# Headline Cleaning Part 2: Tidying the Data
## An incomplete notebook to get you started. 
---
The purpose of this file is to get you started on the full headline cleaning challenge.

---

Now that we're familiar with the headline data, we're ready to _really_ clean this data up.

In this workbook, we're going to make two output files. Here's what should go in them:
* `clean_headlines.txt`: This should be a tab-delimited text file with a column for the paper, the date (in `YYYY-MM-DD` format), and the text of the headline. 
* `headline_word_count.txt`: This file should be tab-delimited with columns for the paper, the date (same format as above), each word the paper used on that date, and the count of those words. The words are defined as alphanumeric characters separated by whitespace from other characters, should have punctuation removed, and should be cast to lowercase. For example, "Mr. Bean" would be two words, "mr" and "bean". 

Let's work through an example so you can see what I mean. Here's a list of the headlines for the _Missoulian_ for 2015-09-23:
* After EWU air raid, Bobcats switch focus to Cal Poly option
* Alternative art gallery FrontierSpace to hold annual art auction
* Does state gets passing grade for education funding?
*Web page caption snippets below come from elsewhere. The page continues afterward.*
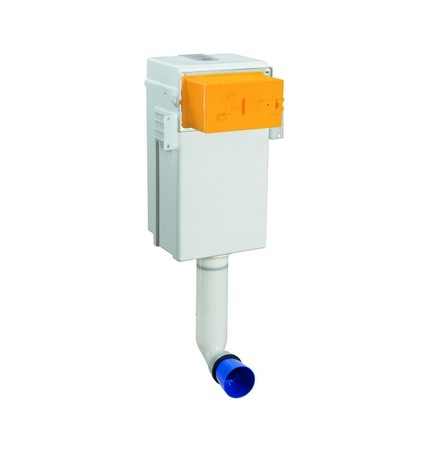 CASSETTA INCASSO MOD. QUADRA 6/3 Lt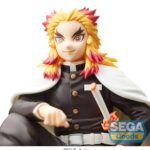 Descubre el apasionante mundo de Estatua PM Perching Kyojuro Rengoku.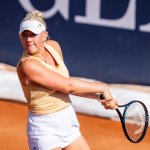 Kitzbühel: Burgenländerin Rabl bei WTA-Debüt chancenlos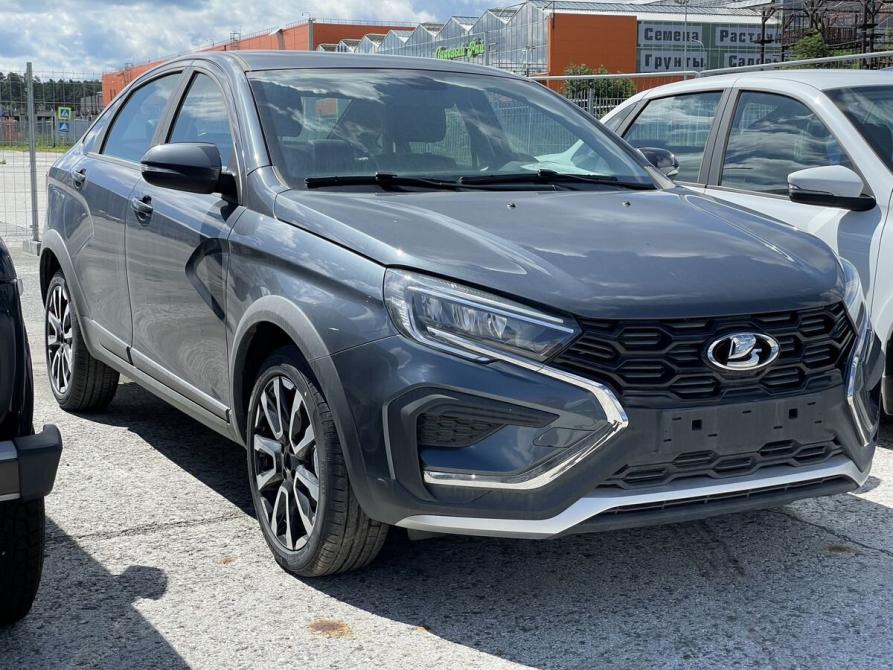 Lada (ВАЗ) Vesta I Рестайлинг (NG) Екатеринбург  - изображение 3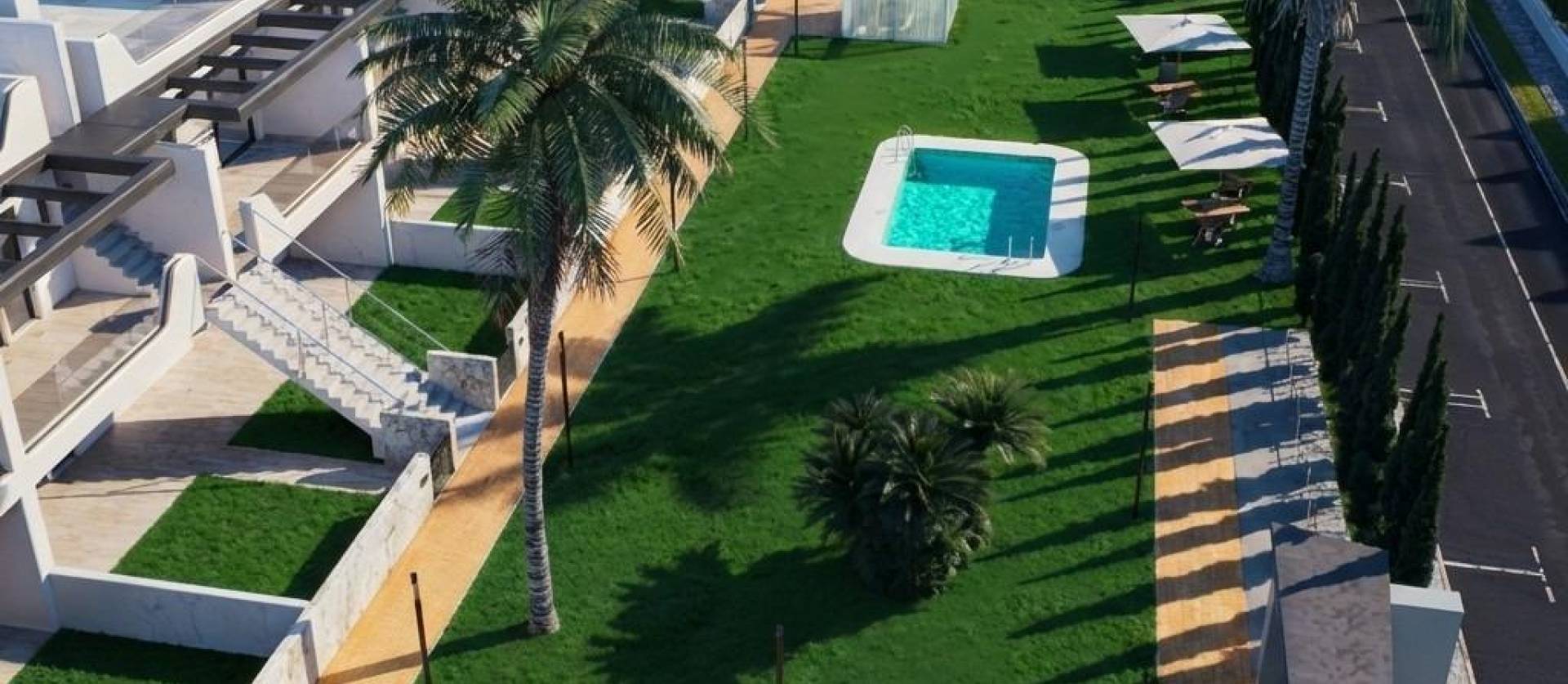 Nueva construcción  - Bungalow - Pilar de la Horadada - pueblo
Group aims to find out
* Fall films have issues
* Family in need after Bonner fire destroyed home, killed cat
* Headwaters Dance Company's "last hurrah" concerts are next week
* Montana coaching tree gathers for fundraiser
* Mountain Line to detour Saturday due to UM Homecoming Parade
* Rabid bat found at picnic area north of Helena
* Ravalli County attorney's daughter jailed in sibling assault
* Search continues today for missing Kalispell bow hunter
* Tester to escort Pope Francis to House chambers

In `clean_headlines.txt` we'd expect to see a row that looks like this:
Missoulian    2015-09-23    After EWU air raid, Bobcats switch focus to Cal Poly option

In `headline_word_count.txt` we'd expect to see a row that looks like this:
Missoulian    2015-09-23    after    2

(Note that the gaps between fields should be a tab.)


In [None]:
from collections import defaultdict
from pprint import pprint
from string import punctuation


working_dir =  "C:\\Users\\jchan\\Dropbox\\Teaching\\AppliedDataAnalytics\\Code\\headline-cleaning\\"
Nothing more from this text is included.